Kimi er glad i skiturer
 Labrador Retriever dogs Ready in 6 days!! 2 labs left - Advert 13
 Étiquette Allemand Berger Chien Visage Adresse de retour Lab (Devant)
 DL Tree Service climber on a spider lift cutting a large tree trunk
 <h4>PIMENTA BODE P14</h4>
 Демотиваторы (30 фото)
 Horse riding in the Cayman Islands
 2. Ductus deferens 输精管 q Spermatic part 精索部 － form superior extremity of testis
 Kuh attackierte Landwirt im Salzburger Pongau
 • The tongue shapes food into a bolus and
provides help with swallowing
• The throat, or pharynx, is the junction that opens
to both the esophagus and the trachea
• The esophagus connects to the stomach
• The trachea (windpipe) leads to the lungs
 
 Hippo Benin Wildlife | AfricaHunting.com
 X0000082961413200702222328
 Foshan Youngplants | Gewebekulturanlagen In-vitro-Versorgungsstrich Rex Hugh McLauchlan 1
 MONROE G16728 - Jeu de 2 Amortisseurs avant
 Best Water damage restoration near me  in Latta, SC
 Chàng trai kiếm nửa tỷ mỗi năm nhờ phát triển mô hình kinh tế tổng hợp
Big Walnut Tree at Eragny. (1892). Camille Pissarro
##############################
• **Requirement**:
Everything from the first line of the records above through the line containing "Best Water damage" should be restated word for word; leave out all other lines.

• **Result below**:
Kimi er glad i skiturer
 Labrador Retriever dogs Ready in 6 days!! 2 labs left - Advert 13
 Étiquette Allemand Berger Chien Visage Adresse de retour Lab (Devant)
 DL Tree Service climber on a spider lift cutting a large tree trunk
 <h4>PIMENTA BODE P14</h4>
 Демотиваторы (30 фото)
 Horse riding in the Cayman Islands
 2. Ductus deferens 输精管 q Spermatic part 精索部 － form superior extremity of testis
 Kuh attackierte Landwirt im Salzburger Pongau
 • The tongue shapes food into a bolus and
provides help with swallowing
• The throat, or pharynx, is the junction that opens
to both the esophagus and the trachea
• The esophagus connects to the stomach
• The trachea (windpipe) leads to the lungs
 
 Hippo Benin Wildlife | AfricaHunting.com
 X0000082961413200702222328
 Foshan Youngplants | Gewebekulturanlagen In-vitro-Versorgungsstrich Rex Hugh McLauchlan 1
 MONROE G16728 - Jeu de 2 Amortisseurs avant
 Best Water damage restoration near me  in Latta, SC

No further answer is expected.